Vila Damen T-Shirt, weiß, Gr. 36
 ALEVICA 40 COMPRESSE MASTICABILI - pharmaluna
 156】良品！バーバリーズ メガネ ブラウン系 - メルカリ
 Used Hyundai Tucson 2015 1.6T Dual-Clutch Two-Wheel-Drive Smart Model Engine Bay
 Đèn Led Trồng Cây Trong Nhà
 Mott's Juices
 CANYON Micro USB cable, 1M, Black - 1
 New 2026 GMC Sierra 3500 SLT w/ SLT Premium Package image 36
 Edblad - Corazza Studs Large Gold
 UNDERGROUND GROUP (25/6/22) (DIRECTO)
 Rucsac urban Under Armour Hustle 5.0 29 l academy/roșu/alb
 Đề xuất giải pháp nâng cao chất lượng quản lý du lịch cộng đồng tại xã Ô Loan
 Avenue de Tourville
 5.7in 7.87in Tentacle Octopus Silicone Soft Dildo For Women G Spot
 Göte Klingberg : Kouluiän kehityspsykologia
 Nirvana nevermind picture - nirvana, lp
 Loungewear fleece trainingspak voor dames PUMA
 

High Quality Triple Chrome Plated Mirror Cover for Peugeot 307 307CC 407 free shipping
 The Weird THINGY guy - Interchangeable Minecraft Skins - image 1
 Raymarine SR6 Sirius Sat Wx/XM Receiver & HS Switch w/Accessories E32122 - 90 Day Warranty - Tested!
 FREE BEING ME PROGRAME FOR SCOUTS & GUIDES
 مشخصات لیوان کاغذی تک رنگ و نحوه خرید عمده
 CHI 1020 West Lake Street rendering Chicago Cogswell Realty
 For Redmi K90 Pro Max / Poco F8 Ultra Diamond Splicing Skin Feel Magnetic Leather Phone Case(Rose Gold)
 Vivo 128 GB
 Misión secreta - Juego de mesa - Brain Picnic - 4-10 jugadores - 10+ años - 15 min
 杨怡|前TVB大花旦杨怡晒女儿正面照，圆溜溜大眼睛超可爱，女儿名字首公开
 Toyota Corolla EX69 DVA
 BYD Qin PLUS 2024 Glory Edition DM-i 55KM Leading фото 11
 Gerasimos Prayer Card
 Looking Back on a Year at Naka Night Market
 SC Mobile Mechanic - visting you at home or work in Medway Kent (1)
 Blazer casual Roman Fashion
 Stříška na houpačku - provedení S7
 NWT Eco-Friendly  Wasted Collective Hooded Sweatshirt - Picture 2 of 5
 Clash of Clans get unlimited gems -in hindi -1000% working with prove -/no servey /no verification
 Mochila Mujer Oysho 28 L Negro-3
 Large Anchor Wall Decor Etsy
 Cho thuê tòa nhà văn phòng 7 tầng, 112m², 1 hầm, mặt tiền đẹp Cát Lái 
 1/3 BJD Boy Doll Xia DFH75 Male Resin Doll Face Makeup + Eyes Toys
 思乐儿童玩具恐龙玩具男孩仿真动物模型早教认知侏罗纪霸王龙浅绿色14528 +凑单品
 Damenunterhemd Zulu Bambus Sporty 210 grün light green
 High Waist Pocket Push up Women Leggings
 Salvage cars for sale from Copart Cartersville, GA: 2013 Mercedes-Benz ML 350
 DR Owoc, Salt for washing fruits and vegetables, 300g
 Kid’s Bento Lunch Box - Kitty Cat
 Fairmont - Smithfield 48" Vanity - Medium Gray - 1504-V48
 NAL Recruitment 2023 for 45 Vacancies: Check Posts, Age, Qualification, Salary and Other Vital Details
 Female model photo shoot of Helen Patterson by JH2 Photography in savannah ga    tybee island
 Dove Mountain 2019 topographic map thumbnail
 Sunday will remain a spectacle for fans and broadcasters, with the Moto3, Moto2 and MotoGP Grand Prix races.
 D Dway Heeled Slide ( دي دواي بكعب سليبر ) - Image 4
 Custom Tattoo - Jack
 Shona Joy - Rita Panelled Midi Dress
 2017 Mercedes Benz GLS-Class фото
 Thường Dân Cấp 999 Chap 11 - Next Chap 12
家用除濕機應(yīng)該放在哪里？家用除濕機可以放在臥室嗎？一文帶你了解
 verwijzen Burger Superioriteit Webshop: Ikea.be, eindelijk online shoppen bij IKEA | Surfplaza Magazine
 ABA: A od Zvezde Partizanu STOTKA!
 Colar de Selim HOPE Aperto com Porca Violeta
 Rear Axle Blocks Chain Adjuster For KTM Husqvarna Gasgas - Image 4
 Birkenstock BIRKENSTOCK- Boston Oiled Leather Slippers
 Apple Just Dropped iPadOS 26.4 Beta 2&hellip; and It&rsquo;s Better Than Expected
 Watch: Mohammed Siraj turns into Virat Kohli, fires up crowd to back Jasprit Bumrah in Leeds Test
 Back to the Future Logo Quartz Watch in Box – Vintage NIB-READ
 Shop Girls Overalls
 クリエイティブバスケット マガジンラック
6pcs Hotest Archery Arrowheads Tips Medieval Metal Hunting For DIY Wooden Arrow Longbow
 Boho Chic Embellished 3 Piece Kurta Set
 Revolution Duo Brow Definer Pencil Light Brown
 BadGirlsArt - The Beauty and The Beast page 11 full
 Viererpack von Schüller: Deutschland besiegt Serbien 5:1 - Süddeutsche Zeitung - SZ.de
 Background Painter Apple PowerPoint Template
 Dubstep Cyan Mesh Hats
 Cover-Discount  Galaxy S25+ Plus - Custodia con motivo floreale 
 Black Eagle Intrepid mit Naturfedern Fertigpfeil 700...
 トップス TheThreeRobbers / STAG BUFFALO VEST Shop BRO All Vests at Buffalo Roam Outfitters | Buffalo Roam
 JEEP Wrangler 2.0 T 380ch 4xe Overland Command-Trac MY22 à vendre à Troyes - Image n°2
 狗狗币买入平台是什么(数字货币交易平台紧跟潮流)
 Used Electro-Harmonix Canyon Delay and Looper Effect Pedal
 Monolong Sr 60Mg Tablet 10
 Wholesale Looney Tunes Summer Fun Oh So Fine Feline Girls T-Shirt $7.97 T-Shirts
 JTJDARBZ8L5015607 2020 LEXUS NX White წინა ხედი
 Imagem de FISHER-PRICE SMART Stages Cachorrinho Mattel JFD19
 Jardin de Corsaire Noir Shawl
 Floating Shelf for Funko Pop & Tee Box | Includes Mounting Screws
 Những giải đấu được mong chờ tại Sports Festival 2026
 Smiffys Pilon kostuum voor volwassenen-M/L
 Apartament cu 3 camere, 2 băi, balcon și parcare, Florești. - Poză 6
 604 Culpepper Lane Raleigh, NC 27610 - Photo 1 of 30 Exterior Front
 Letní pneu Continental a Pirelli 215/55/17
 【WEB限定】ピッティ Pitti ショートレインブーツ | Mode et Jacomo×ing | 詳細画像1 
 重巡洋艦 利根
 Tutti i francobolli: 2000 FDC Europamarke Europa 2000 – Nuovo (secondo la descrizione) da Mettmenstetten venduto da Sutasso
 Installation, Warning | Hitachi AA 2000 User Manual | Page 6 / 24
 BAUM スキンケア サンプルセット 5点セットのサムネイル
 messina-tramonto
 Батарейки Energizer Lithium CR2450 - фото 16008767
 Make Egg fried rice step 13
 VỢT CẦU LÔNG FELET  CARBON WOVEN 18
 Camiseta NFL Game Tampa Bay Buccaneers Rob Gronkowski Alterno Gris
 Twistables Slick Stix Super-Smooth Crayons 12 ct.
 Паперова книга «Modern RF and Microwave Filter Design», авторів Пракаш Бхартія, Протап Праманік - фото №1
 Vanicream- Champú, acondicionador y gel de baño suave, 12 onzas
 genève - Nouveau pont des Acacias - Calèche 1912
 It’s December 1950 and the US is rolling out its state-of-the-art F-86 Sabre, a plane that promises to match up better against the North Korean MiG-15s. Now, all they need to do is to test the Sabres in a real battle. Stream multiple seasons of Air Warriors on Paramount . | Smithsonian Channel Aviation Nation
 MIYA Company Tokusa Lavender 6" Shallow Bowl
──────────
__Exercise details__.
Find "messina-tramonto" in the records. Copy its line and every line after it, exactly, through the last one.

__Response to the task__.
 messina-tramonto
 Батарейки Energizer Lithium CR2450 - фото 16008767
 Make Egg fried rice step 13
 VỢT CẦU LÔNG FELET  CARBON WOVEN 18
 Camiseta NFL Game Tampa Bay Buccaneers Rob Gronkowski Alterno Gris
 Twistables Slick Stix Super-Smooth Crayons 12 ct.
 Паперова книга «Modern RF and Microwave Filter Design», авторів Пракаш Бхартія, Протап Праманік - фото №1
 Vanicream- Champú, acondicionador y gel de baño suave, 12 onzas
 genève - Nouveau pont des Acacias - Calèche 1912
 It’s December 1950 and the US is rolling out its state-of-the-art F-86 Sabre, a plane that promises to match up better against the North Korean MiG-15s. Now, all they need to do is to test the Sabres in a real battle. Stream multiple seasons of Air Warriors on Paramount . | Smithsonian Channel Aviation Nation
 MIYA Company Tokusa Lavender 6" Shallow Bowl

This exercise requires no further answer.